Lag is happy, and we are all caught up.

Thanks as always for your patience!
Posted Aug 31, 2022 - 03:54 PDT
We've been able to identify the issues are not stemming solely from DataDog revoking keys. Our logs were cluttered with keys which had, in face, been revoked and thus masked the underlying issues we had on our services with lag. At this time we are seeing the lag dropping across our infrastructure and will update and close here in 20 minutes if this trend continues.
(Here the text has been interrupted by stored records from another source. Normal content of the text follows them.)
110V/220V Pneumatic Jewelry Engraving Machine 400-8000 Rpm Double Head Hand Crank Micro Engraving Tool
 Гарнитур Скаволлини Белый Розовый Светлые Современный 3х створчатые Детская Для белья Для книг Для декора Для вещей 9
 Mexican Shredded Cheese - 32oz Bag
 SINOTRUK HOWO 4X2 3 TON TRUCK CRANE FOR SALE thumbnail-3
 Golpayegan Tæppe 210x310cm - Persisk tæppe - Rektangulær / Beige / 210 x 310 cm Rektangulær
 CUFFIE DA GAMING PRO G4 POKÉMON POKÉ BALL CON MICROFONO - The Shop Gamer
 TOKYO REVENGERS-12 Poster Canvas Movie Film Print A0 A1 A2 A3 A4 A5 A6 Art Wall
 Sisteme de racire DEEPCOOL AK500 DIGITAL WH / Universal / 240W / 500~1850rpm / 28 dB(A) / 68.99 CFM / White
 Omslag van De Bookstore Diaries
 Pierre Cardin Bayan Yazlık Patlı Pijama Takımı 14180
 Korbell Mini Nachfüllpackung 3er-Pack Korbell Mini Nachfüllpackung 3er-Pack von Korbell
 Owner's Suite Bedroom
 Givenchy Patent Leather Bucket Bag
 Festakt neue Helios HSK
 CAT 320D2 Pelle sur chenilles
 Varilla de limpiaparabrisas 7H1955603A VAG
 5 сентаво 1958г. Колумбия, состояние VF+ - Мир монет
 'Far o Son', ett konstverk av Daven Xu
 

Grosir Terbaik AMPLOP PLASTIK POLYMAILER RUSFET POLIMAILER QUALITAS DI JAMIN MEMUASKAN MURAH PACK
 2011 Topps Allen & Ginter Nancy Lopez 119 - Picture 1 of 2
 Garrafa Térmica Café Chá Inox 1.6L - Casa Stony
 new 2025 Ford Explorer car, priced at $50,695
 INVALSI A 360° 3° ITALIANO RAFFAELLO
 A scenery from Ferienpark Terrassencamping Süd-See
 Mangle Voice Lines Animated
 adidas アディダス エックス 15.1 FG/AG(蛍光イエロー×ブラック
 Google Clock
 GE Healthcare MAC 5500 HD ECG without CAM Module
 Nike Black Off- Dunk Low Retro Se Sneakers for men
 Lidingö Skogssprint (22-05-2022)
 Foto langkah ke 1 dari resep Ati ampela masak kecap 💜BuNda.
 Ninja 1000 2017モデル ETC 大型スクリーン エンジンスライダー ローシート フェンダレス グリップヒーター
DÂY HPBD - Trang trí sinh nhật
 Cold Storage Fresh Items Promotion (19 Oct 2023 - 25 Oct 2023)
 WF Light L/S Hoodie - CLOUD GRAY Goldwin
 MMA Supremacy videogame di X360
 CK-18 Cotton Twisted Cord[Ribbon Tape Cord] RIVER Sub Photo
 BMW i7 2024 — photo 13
We apologize for the inconvenience, and the red herring for a fix presented earlier.
Posted Aug 31, 2022 - 03:23 PDT
We've confirmed that while for many graphs we are seeing elevated error rates talking with DataDog, we are still seeing successful metrics being sent for most graphs. At this time we are investigating whether our own internal monitoring is simply finicky, or whether we are seeing evidence of a number of client API tokens expiring/being revoked by DataDog.

If you are experiencing a delay in your DataDog metrics from Studio, please re-enable your API keys as a mitigation strategy. Docs for how to do this can be found here:
Posted Aug 31, 2022 - 03:06 PDT
We are continuing to investigate this issue at this time.
Posted Aug 31, 2022 - 03:01 PDT
We are currently seeing an elevated level of errors trying to forward Apollo Studio insights metrics to DataDog. At this time we're still investigating why this is occurring and what steps can be taken on our end to mitigate.

We will update again in 20 minutes.
Posted Aug 31, 2022 - 02:39 PDT
This incident affected: Notifications.